In a pending custody or divorce case in the state of Illinois, the court can grant Temporary Allowances to handle the issues of visitation, custody, child support, and attorney fees. If the case is a divorce case, the court can also address temporary spousal support (alimony), payment of household expenses, and other such matters.
While each county in Illinois handles temporary allowances in a somewhat different manner, the basic idea is pretty consistent across the state. For the sake of this article, we will discuss the procedure employed in the Illinois 14th Judicial Circuit counties of Rock Island, Henry, and Mercer.
The Temporary Allowances process in Illinois starts with the proper application being filed with the court, and a hearing being scheduled for a walk-in court time. At that walk-in date, if agreement is reached then the court can enter an Order that reflects that agreement. If there is no agreement to be had, then the court will authorize court time to be allocated on the assigned judge’s calendar for the Temporary Allowances that have been requested. That hearing date may be scheduled for as soon as a few days in the future, or it may take some number of weeks, depending upon the court’s schedule.
At the Temporary Allowances hearing, the court will hear evidence as to the requested Temporary Allowance issues, and then a ruling will be entered.
Handling Temporary Allowances correctly is something that is of great importance to custody and divorce cases in Illinois.

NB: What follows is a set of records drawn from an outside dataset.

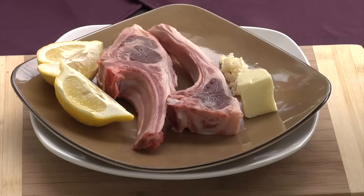So what we've got here is a couple pieces of lemon — about a whole lemon. I've got two lamb rib chops, you can see they're nice and trimmed up — the butcher will take care of that for you. We've got about a half a tablespoon of garlic and a nice knob of butter, perfect for our sauce. Piece of cake.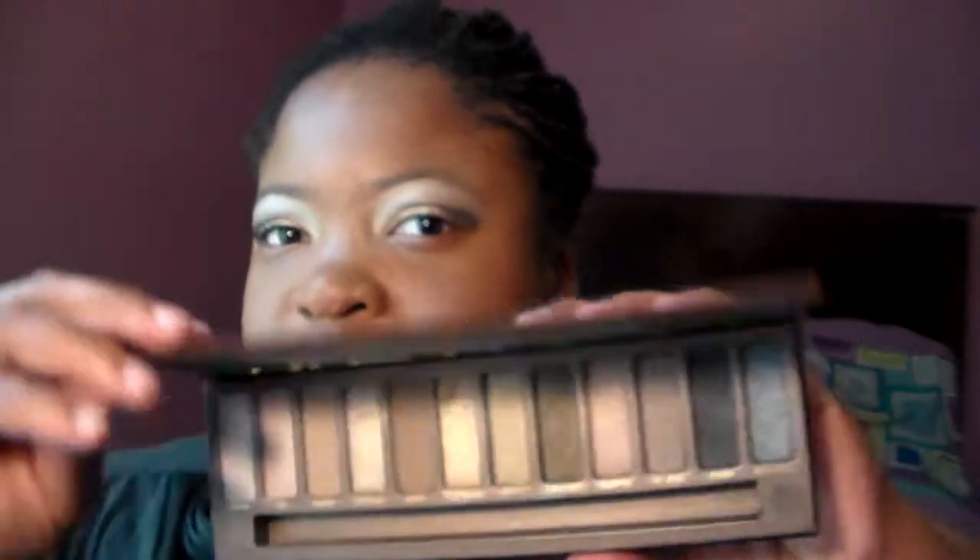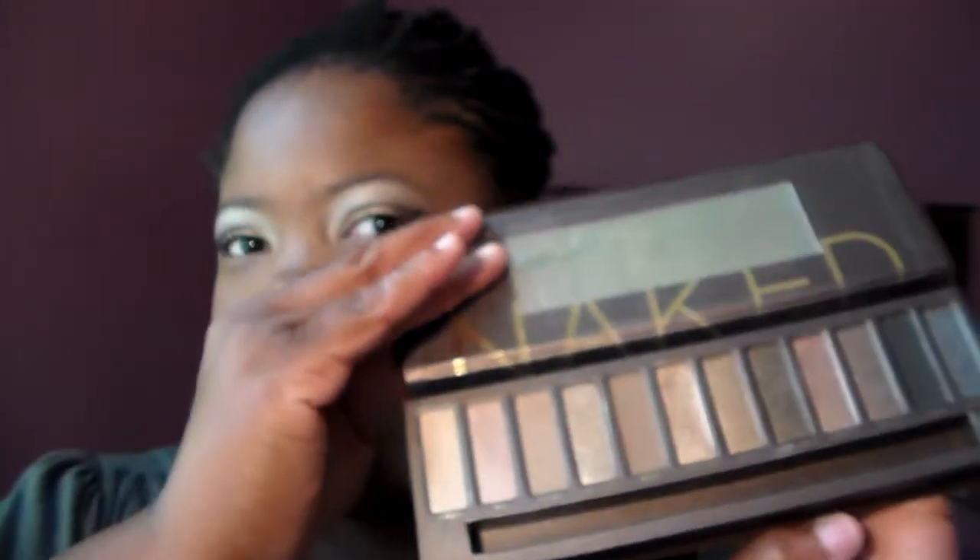At Ulta it's very affordable — you're going to get a nice palette with gorgeous shades for $50. The shades are very pigmented even without a base. This is for a back-to-school video, so I want you guys to really have fun with this look going back to school if you want to spice up your look a little bit. So this is the look here.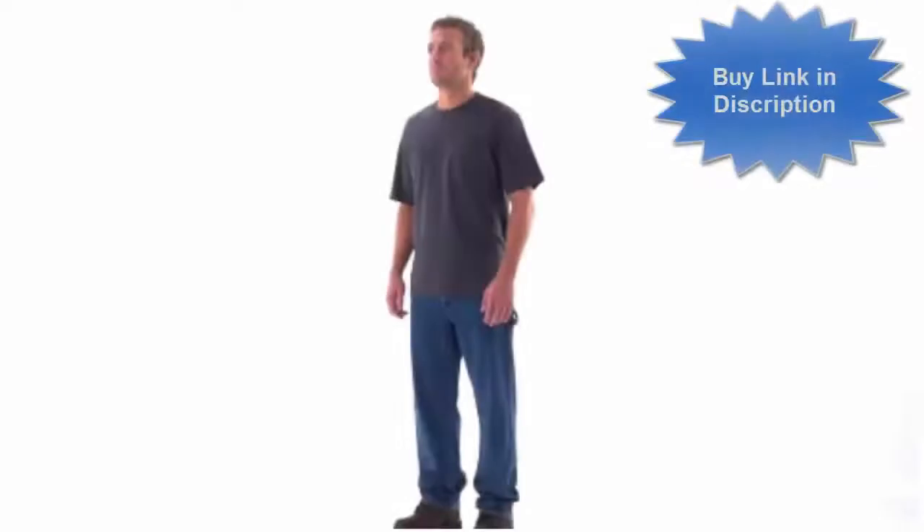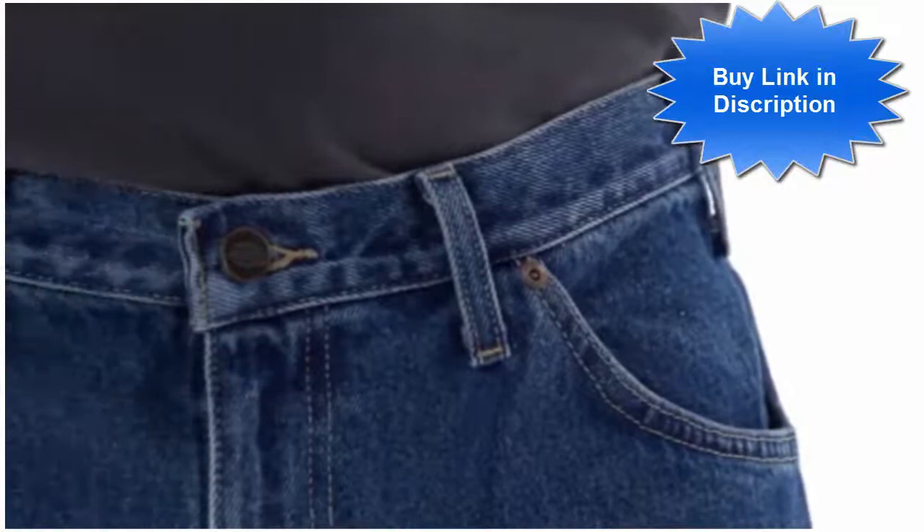The relaxed fit carpenter jean by Dickies. This durable jean has a casual waistband, a generous fit through the seat and thigh with slightly tapered leg openings.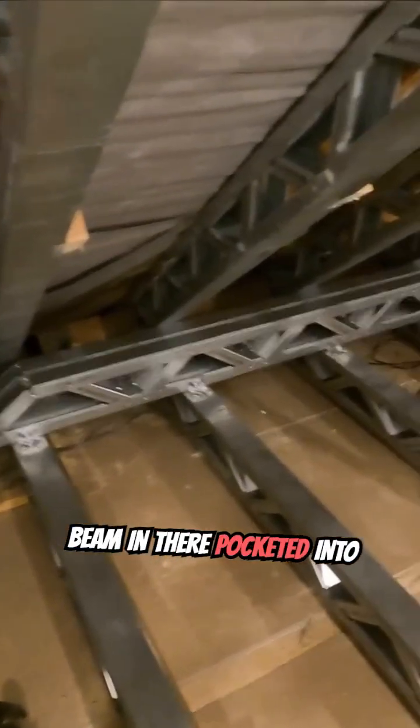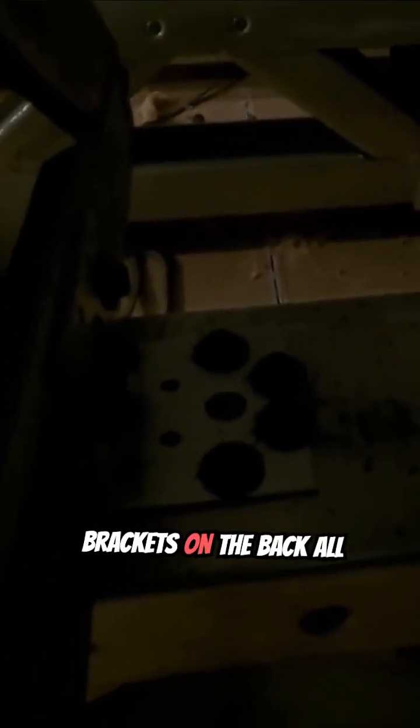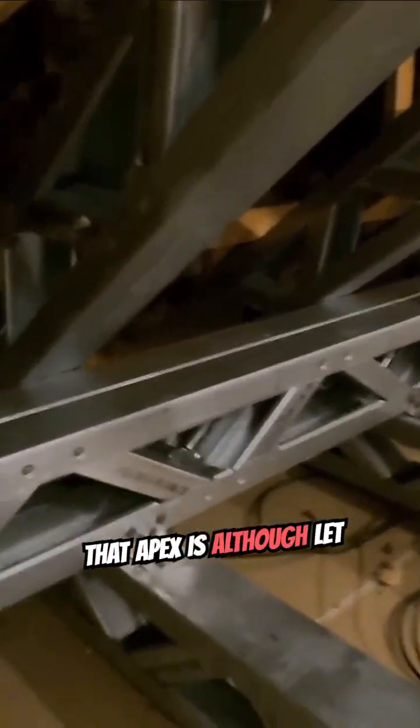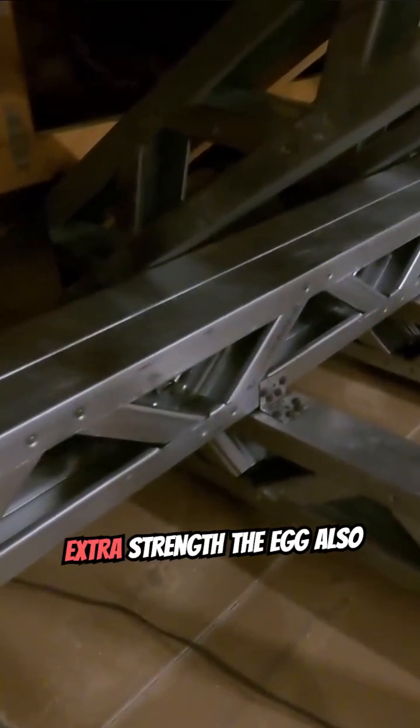We've just got the box beam in there, pocketed into the wall at that side — let me show you. Brackets on the front, and if you can see down there, brackets on the back all the way down. That holds all the floor cords where that apex is. It's a bit dark for you to see, but all our floor cords are hanging off of that girder truss. We also put the box beam in just for extra strength.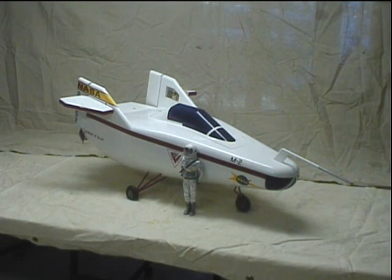There's a model of the M2F1 built by NASA back in the 60s. My model shop built this model a couple years ago at 1.6 scale, which means 2 inches of model equals 1 foot of real size. The model is pretty big — about 40 inches long, about 19 inches tall, and 29 inches wide back at the elevons.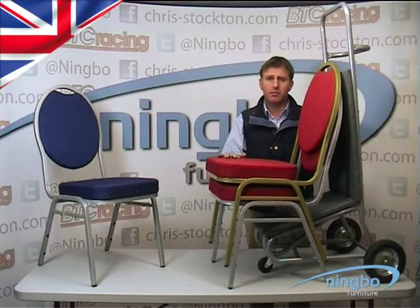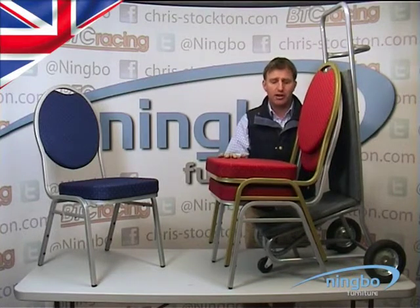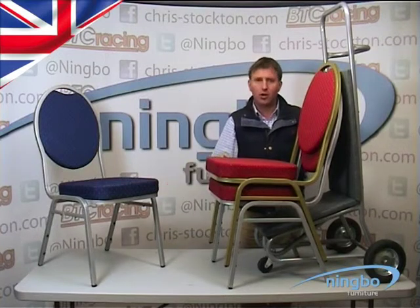This chair is one of the most stacking chairs. It is the steel spoon back, available in red and blue fabric, and available in a silver frame and a gold frame.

First and foremost, the “Temporary” ruling can last for quite some time, as divorce and custody cases can take many months or even years to be concluded in Illinois, and the Temporary Allowances ruling will generally be in effect for that entire time. The court is reluctant to re-hash Temporary issues, so even in cases where there is good cause to seek a change in a Temporary Matters ruling, it can be an uphill battle.
Additionally, a Temporary Allowances ruling can sometimes give one party an advantage later in the case. For example, in a highly contested custody case, if a party wins temporary custody of the child at the beginning of the case, then it may be easier for that party to keep permanent custody later in the case. That is because the court often does not wish to disturb a child’s physical placement after the child has become accustomed to the situation.
Finally, a favorable outcome at the Temporary Allowances hearing can help the opposing side see that the writing is on the wall, so to speak, which can in turn help the case get settled on terms the client finds to be agreeable, without having to proceed all the way to a trial.
Clearly, Temporary Allowances can be a powerful tool in a child custody or divorce case in Illinois. However, it is a tool that must be used carefully, as there is generally no ability to get a “do-over” and the consequences of a Temporary Allowances ruling can last for quite some time.